The capture and documentation of a male Golden-Winged Warbler during a MAPS banding session, with physiological evidence of breeding, finally helped sway the various town commissions involved in granting development permits, to pause further project approvals until a full one-year environmental impact assessment could be conducted. Once the environmental importance of the land was discovered, the developers agreed to sell the land to the Trust for Public Lands, Sharon Land Trust and Kent Land Trust. A 1.26 million dollar Open Space and Watershed Land Acquisition Grant from the Connecticut Department of Environmental Protection secured the deal to purchase the habitat creating a conservation easement permanently adding another layer of protection. Sharon Land Trust gained ownership of Skiff Mountain North Preserve and Kent Land Trust became responsible for Skiff Mountain South Preserve. The neighbors who also had fought so hard to help save Skiff Mountain placed their land in the U.S. Forest Service Forest Legacy Program resulting in the protection of over 700 acres around our campus.

Energized by efforts to help save the land, Marvelwood continued to engage in MAPS banding in partnership with one of the land trusts instrumental in helping to save Skiff Mountain, the Kent Land Trust. We wanted to ensure that now that the land was safe from development, habitat in Skiff Mountain South Preserve would be managed for the avian species breeding on the property. Marvelwood School and Kent Land Trust volunteers helped to restore an old overgrown meadow surrounded by forest. This led to the creation of our SKIF banding station at the opposite end of the preserve from our BEAV banding station. Local children and KLT volunteers would soon increase their participation and join Marvelwood students in our MAPS banding efforts. Banding around this newly restored forest gap led to the discovery of a pocket of breeding Cerulean Warblers along with Worm-eating Warblers and Wood Thrush. In fact, one female Cerulean Warbler was captured and banded on June 10, 2012, and then recaptured in the exact same net on June 13, 2017!

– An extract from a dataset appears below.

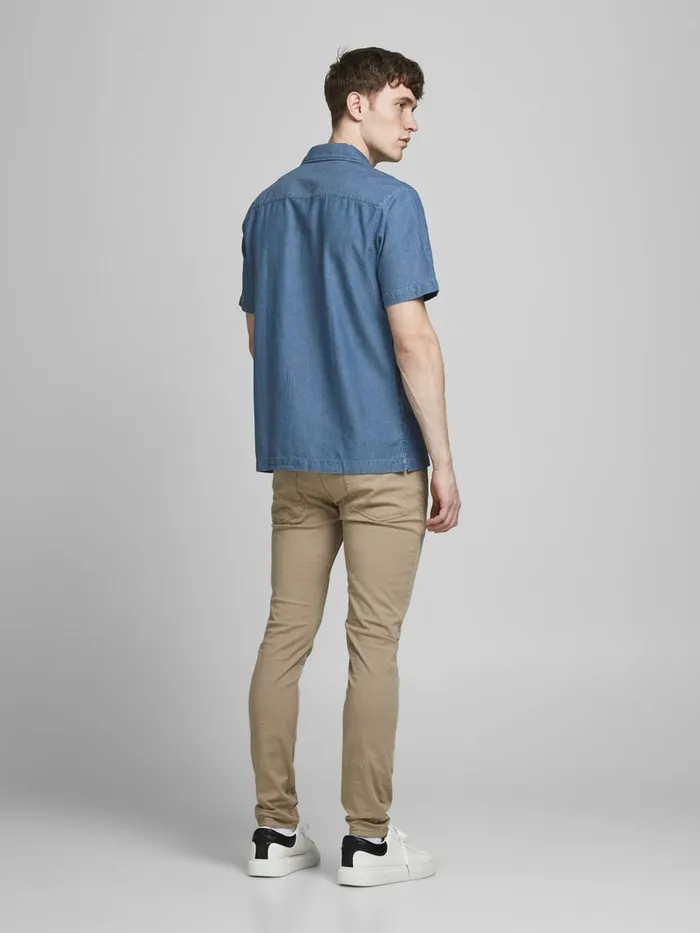 Shirts JACK and JONES Mens DENIM RESORT SHORT SLEEVED SHIRT Blue Denim Blue On Sale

Cerulean Warbler. Photo courtesy of Laurie Doss


Another highlight at our MAPS banding station was in 2012 when a banded Cooper’s Hawk landed in our mist nets at BEAV banding station in June and then again at RACK banding station in July. The bird had originally been banded on October 8, 2010, in Cape May County in New Jersey as a hatch year male. The original banders were delighted to receive information about this bird as well as pictures, which they reported they rarely receive.
Student-driven data obtained from our banding station was also key in the designation of a landscape level Important Bird Area, the Macedonia Forest Block. Thanks to our MAPS banding stations the IBA met numerous criteria including long-term research and/or monitoring projects that contribute substantially to ornithology, bird conservation, and/or education and are important to species of global concern particularly Cerulean Warbler and Wood Thrush.

Over the years, students and Kent Land Trust volunteers have created interactive bird trails, secured grants to soften edges by planting native species and provided educational programs about birds and habitat management for local children and adults. Recently we contributed key physiological evidence via our MAPS banding data to confirm breeding species for the CT Bird Atlas Project.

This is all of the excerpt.